[v3] s390: Do not use canonical PLT if pointer equality is not needed
Checks
| Context |
Check |
Description |
| linaro-tcwg-bot/tcwg_binutils_build--master-arm |
success
|
Build passed
|
| linaro-tcwg-bot/tcwg_binutils_build--master-aarch64 |
success
|
Build passed
|
| linaro-tcwg-bot/tcwg_binutils_check--master-aarch64 |
success
|
Test passed
|
| linaro-tcwg-bot/tcwg_binutils_check--master-arm |
success
|
Test passed
|
Commit Message
Require pointer equality in executables for symbols with non-PLT
PC-relative relocations, that are likely in address taken context, and
direct relocations, that are likely in function reference context. Do so
for IFUNC symbols defined in a non-shared object. Clear value of PLT
undefined symbols if pointer equality is not needed and do not hash them
in '.gnu.hash' section.
Linkers need to make this distinction in order to decide whether to ask
the dynamic linker to use canonical PLT entries. Normally GOT entries
in shared libraries contain addresses of the respective functions, with
one notable exception: when a PDE (Position-Dependent Executable;
no-PIE) calls the respective function and also takes its address. Such
executables assume that all addresses are known in advance, so they use
addresses of the respective PLT entries. For consistency reasons, all
respective GOT entries in the process must also use them.
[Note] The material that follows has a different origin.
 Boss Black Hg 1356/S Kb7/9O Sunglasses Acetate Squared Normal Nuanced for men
When a linker sees that a PDE both calls a function and also takes its
address, it creates a PLT entry and asks the dynamic linker to consider
it canonical by setting the respective undefined symbol's value, which
is normally zero, to the address of this executable PLT entry.
As workaround for GCC 12-14 treat PC32DBL relocation for address taking
instruction "larl rX,<sym>@PLT" as if it was without @PLT suffix and
require pointer equality.
GCC 12-14, since GCC commit 0990d93dd8a4 ("IBM Z: Use @PLT symbols for
local functions in 64-bit mode") [1], unconditionally suffix non-local
symbols with @PLT, regardless of whether they are used in function call
instructions (i.e. brasl) or address taking instructions (i.e. larl).
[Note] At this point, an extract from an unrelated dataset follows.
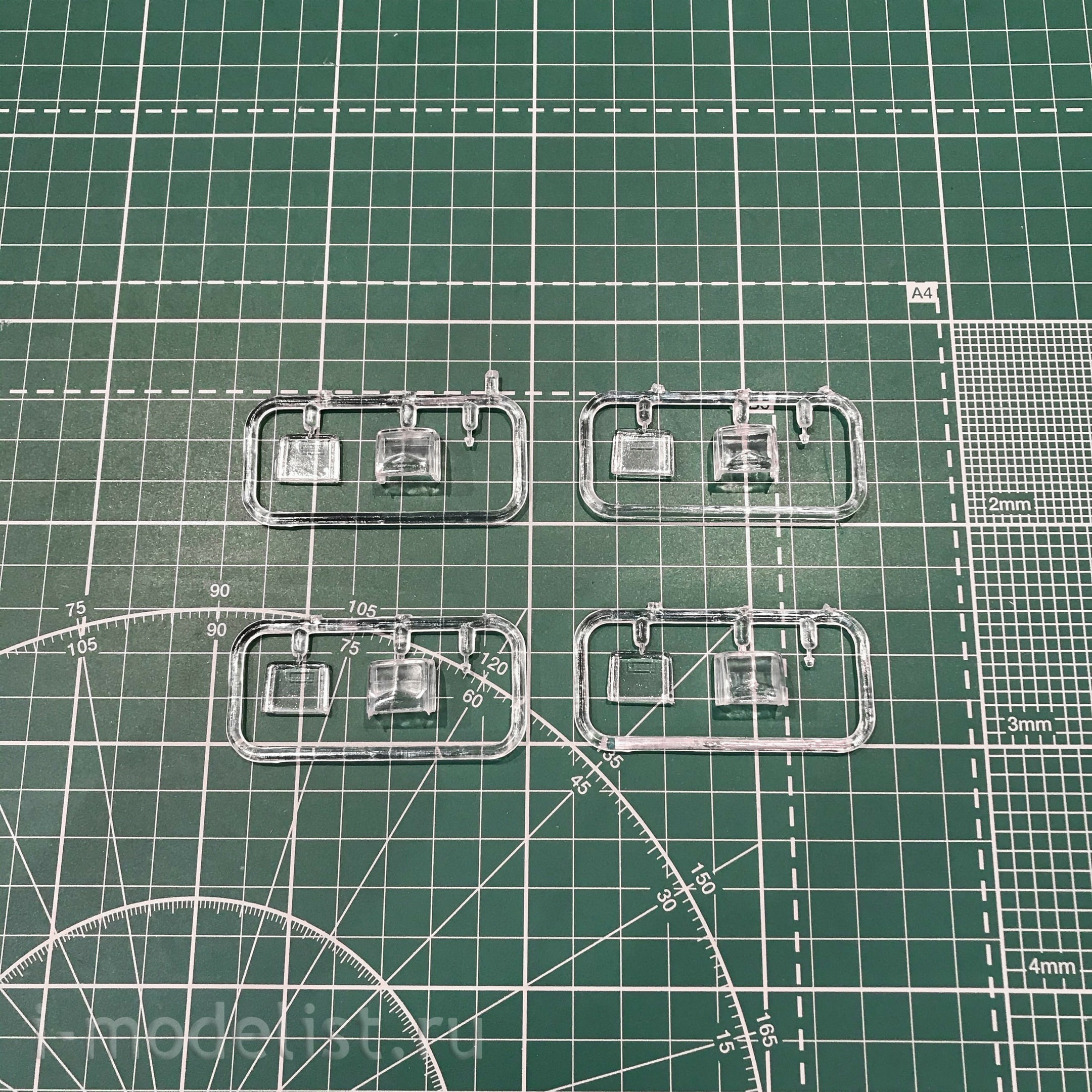 14606 Orient Express 1/144 Set of airfield equipment №7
The assembler therefore generates a PLT32DBL instead of a PC32DBL
relocation for larl. The linker therefore cannot distinguish between
function call and address taking instructions solely from the relocation
type. The latter requiring pointer equality.
This complements GCC commit a2e0a30c52fa ("IBM zSystems: Do not use
@PLT with larl") [2], which makes GCC stop suffixing @PLT to address
taking larl instructions, so that the correct behavior with regards to
pointer equality is also achieved with affected GCC 12-14.
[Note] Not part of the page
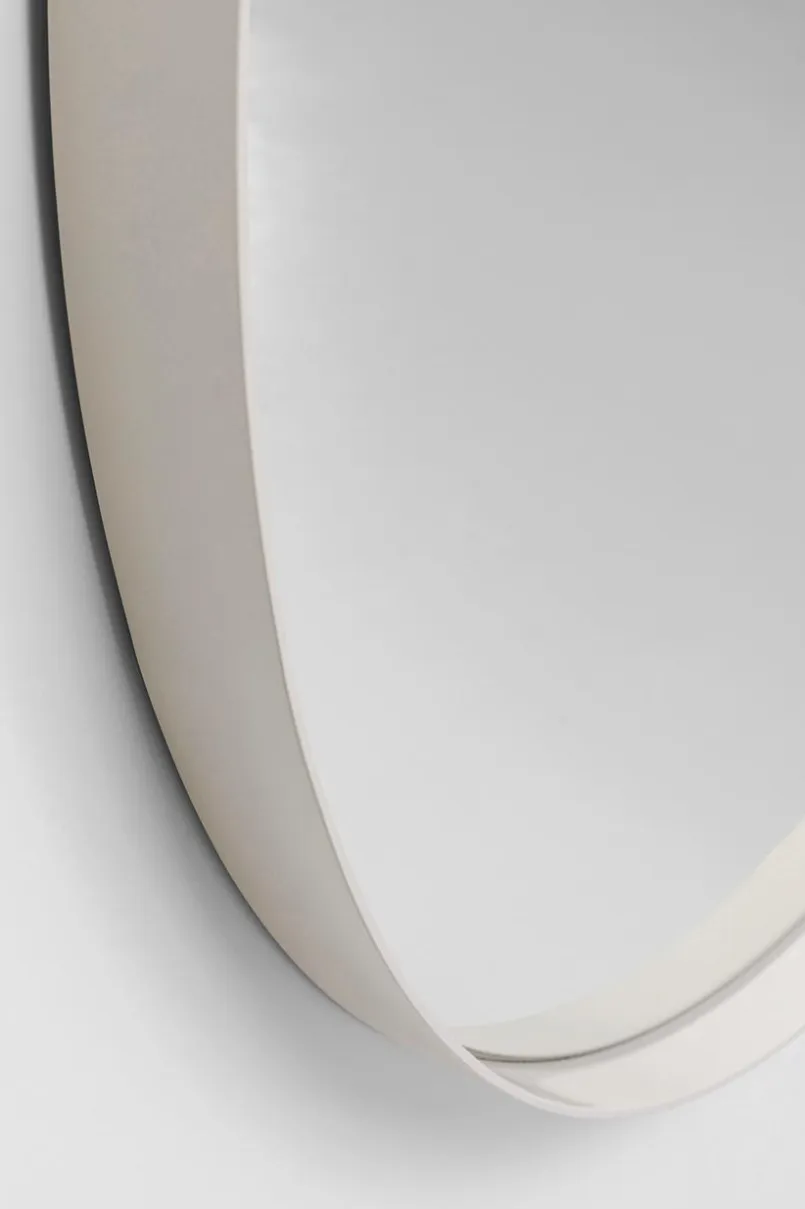 Wandspiegel|KARE DESIGN Wandspiegel Curve greige Kupfer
Note that this workaround can be reverted once GCC 12-14 emitting
address taking larl instructions with @PLT suffix have become
irrelevant.
Note that without the workaround for GCC 12-14 suffixing @PLT to larl
the following linker tests would fail:
FAIL: shared
FAIL: visibility (hidden_normal)
FAIL: visibility (hidden_weak)
FAIL: visibility (protected)
FAIL: visibility (protected_undef_def)
FAIL: visibility (protected_weak)
FAIL: visibility (normal)
Based on x86-64, especially Jakub Jelinek's x86 commits 47a9f7b34f7a
(clearing value of PLT undefined symbols if pointer equality not needed)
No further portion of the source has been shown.